On Tuesday, GOP lawmakers launched an investigation into Fulton County District Attorney Fani Willis, the prosecutor in the Georgia 2020 election case against 2024 Republican frontrunner Donald Trump, over alleged collusion between her office and the Democrat-led January 6 committee.
A letter from House Judiciary Committee chairman Jim Jordan to Willis stated that "although we were aware that your office had coordinated its politically motivated prosecutions with the Office of Special Counsel Jack Smith, we recently learned that your office also coordinated its investigative actions with the partisan Select Committee to Investigate the January 6 Attack on the United States Capitol."
Jordan wrote that the committee has come into possession of a letter from Willis to January 6 Select Committee chairman Bennie Thompson, dated December 17, 2021, in which she requested "access to congressional 'records that may be relevant to our criminal investigation.' Specifically, you asked Rep. Thompson for access to 'record [sic] includ[ing] but ... not limited to recordings and transcripts of witness interviews and depositions, electronic and print records of communications, and records of travel.'"
Willis also wrote in the letter that she and her staff were "eager to travel to Washington, DC, to 'meet with investigators in person' and to receive these records 'any time' between January 31, 2022, and February 25, 2022."
Jordan wrote that this letter raises "additional questions relevant to the Committee’s oversight of your politically motivated prosecution of a former President of the United States and several former senior federal officials." Willis indicted Trump and 18 other co-defendants on violations of the Georgia RICO Act over their contesting of the 2020 election results.
The GOP lawmaker noted that the select committee, now defunct, "had a troubling track record of procedural abuses and due process violations," including "cherrypick[ing] selective information to create false and misleading public narratives" and not pursuing "witnesses with evidence that would not advance its partisan narrative."
The House Judiciary Committee is seeking all documents and communications between Willis’ office and the select committee between July 1, 2021 and January 3, 2023, as well as documents related to the possession of select committee documents by Willis’ office.
The same day, House Administration Subcommittee on Oversight Chairman Barry Loudermilk sent a letter to Thompson, in which the lawmaker referenced the same letter from Willis.
"According to public reporting, the Select Committee shared records with Ms. Willis. The Select Committee provided “Fulton County prosecutors…key evidence about what former President Trump and his top advisers knew” with respect to Georgia’s 2020 election results. However, there are no records of any additional communication between the Select Committee and Ms. Willis and her office.

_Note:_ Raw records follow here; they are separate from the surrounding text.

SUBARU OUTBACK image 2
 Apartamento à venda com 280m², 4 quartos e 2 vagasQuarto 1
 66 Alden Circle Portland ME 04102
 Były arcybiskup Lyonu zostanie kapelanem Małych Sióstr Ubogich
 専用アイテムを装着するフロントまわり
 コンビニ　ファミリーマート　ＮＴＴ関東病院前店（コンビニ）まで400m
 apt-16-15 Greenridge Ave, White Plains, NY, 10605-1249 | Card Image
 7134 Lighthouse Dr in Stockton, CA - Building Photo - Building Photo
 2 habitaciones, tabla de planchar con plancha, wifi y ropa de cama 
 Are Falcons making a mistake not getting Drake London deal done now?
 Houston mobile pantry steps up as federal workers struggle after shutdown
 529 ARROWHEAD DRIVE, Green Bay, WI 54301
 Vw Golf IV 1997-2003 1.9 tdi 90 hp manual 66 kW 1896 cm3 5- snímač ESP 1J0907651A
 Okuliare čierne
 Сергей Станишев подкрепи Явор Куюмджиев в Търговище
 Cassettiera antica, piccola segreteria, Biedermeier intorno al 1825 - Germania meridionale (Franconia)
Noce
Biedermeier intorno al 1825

Therefore, we have no records showing what the Select Committee actually provided her office," Loudermilk wrote.
Loudermilk wrote that this is "especially concerning" after Thompson revealed that he did not "preserve video recordings of depositions or transcribed interviews."
"The Select Committee regularly used short clips from these videos during its prime-time hearings to further your predetermined narrative. By failing to preserve these videos, you deny the American public the right to review the footage and make their own conclusions about witnesses’ truthfulness. Clearly Ms. Willis agrees that video recordings of witness interviews and depositions are important records."
Loudermilk requested that Thompson provide all communications between the January 6 committee and Willis’ office, a list of those who were deposed or interviewed by the Select Committee, as well as an itemized list of every record or recording that was sent to Willis’ office.
On Friday, Loudermilk revealed that "All of the videotapes of all depositions are gone."
"We found out about this early in the investigation when I received the call from someone who was looking for some information on one of the videotapes, and we started searching and we had none."
On August 14, Trump and 18 others were indicted by Willis, marking the fourth case brought against Trump in a period of just months.
Trump and 18 other defendants were charged by Willis with violating the Georgia RICO Act, solicitation of violation of oath by a public officer, conspiracy to commit impersonating a public officer, conspiracy to commit forgery in the first degree, conspiracy to commit false statements and writings, conspiracy to commit filing false documents, and filing false documents.